2012 was a very good year for the luxury real estate market, but the question now is will that trend continue given the increase in taxes high-end buyers will face in 2013 as a result of the “fiscal cliff” deal reached in Washington D.C. earlier this month.
According to an examination of the situation by Forbes, sales of luxury homes reached a four-year high last year and the final quarter of 2012 was particularly active. That was largely the result of sellers desperate to close transactions prior to the tax rate increase. The “fiscal cliff” deal hammered out by Congress and President Obama increases the income tax on households earning more than $450,000 to 39.5 percent from 35 percent. Most observers quoted in the story believe the tax increase, along with the high-volume of activity in the final quarter of 2012, will likely lead to a slight slowdown during the opening months of 2013.
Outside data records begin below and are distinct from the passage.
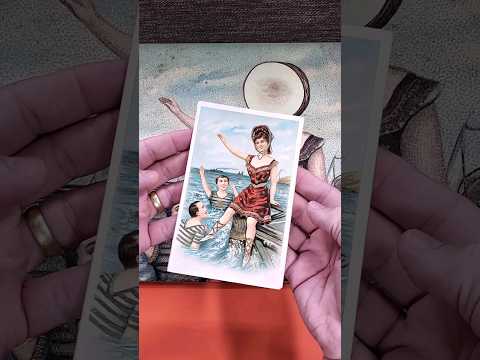 I Finally Found One!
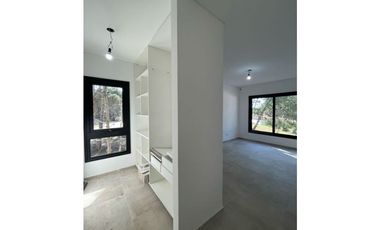 VENTA DE CASA EN VILLAROBLES - POSITIVE HOUSE XI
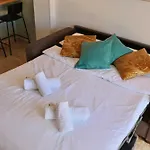 Ocean Park Americas Appartement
To give you an idea of how brisk activity in the luxury real estate market was at the end of 2012, Forbes notes sales in Manhattan in New York City were up 29 percent in the last quarter as compared to 2011. In Greenwich, Conn. the surge was even more pronounced. In December, sales were up a whopping 89 percent from December 2011.
Despite a potential slow down in activity during the short term, expert don’t believe it will subdue home prices. That’s because given the heavy action to close the year, supply has been squeezed which means prices should in fact still continue to increase.
A Los Angeles-based real estate professional echoed the sentiments, noting that, especially in Southern California, there is an influx of foreign buyers still looking to join L.A.’s well-heeled communities like Beverly Hills and Malibu.